Understand first of all that Major League Baseball is very well off financially. That goes for franchises which, according to Forbes Magazine, are worth an average of $1.54 billion, and their players, for whom the minimum salary is $535,000.
No benefits are necessary for this community. But while teams and players rake in big bucks, there remains hidden in the shadows, baseball’s dirty little secret.
Some 500 players, who had the bad timing of playing before 1980, are struggling with bare bones annuities, the relics of an economic system that instead of rewarding them for their service to the game, took advantage of them.
Major League Baseball’s pension and welfare fund is valued at $2.7 billion, according to Forbes. But for those who played before 1980, when the system was reformed, that number means nothing because they don’t share in it
Remember George “The Stork’’ Theodore? He was a gangly outfielder with the New York Mets, all arms and legs, leading to his nickname. The Stork became something of a fan favorite, even played in the 1973 World Series.
After leaving baseball, he became a guidance counselor in Utah and last year was named Educator of the Year by the South Salt Lake City Chamber of Commerce. But because he played fewer than four seasons in the majors and did it before 1980, he does not qualify for a baseball pension. Instead, he gets no health coverage and an annuity that maxes out at $10,000, based on $625 for each quarter season played. Theodore played two years. His annuity amounted to $3,500 . That’s a couple of hour’s take at an upper deck concession stand at CitiField, home of the Mets.
One of Theodore’s teammates was Dave Schneck, another outfielder. He spent 14 months in the Army during the Vietnam War and, like Theodore, was a spare part with the Mets. His top salary was $20,000. He is forgotten by all but the most ardent Mets fan and certainly by baseball, which left him, like Theodore, without a pension.
Then there is David Clyde, one of the most celebrated high school players ever drafted by Major League Baseball. Clyde’s credentials at Houston’s Westchester High School included five no-hitters, two of them perfect games. So he was a no-brain No. 1 pick in the 1973 draft by the Texas Rangers, struggling to establish themselves in Clyde’s state.
The young pitcher’s deal for $65,000, big money in those days, included the requirement that his first two professional starts be with the major league club. He attracted big crowds, convincing management to keep him around. But Clyde was in over his head and never got the chance to develop properly. He was 4-8 that first season on his way to an 18-33 career record that was short circuited by arm and shoulder injuries.
At 26, David Clyde was done, 37 days short of qualifying for a pension.
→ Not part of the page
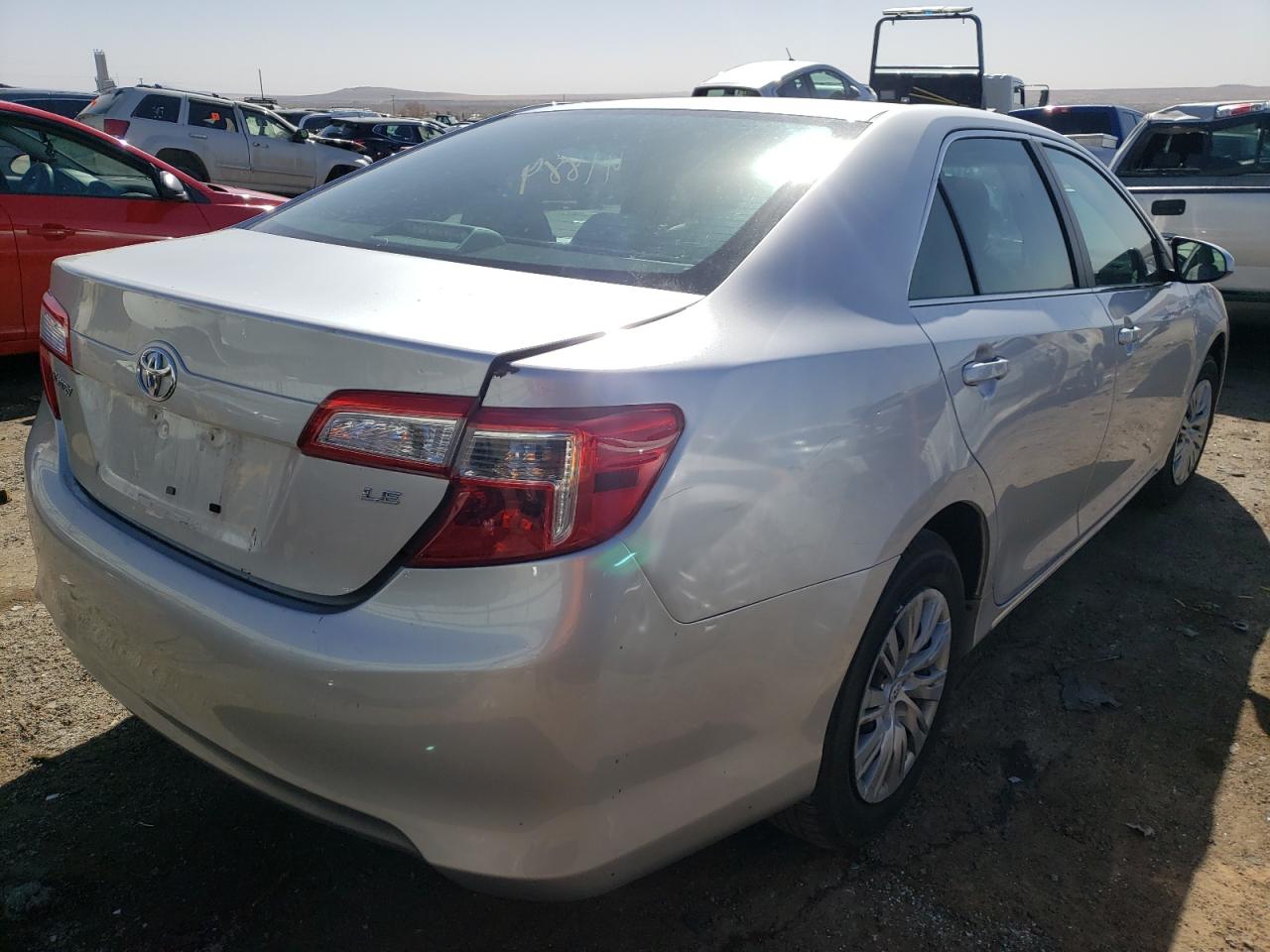 Photo 4 from auction – 2013 TOYOTA CAMRY L with VIN 4T4BF1FK5DR333560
Contrast that with the current pension system. Today’s players qualify after 43 game days and get health coverage on Day One of their Major League service. The minimum 43 game days generates a $34,000 pension. The maximum pension is $210,000.
There are plenty of other stories like these and author Doug Gladstone is on a crusade to get baseball to recognize the contributions of the pre-1980 community of players. Their stories are told in his book “A Bitter Cup of Coffee; How MLB and the Players Association threw 834 Retirees A Curve.’’
It should be required reading for the players reaping in the current benefits while baseball refuses to allow this all-but-forgotten community to share in the riches of the game it helped build.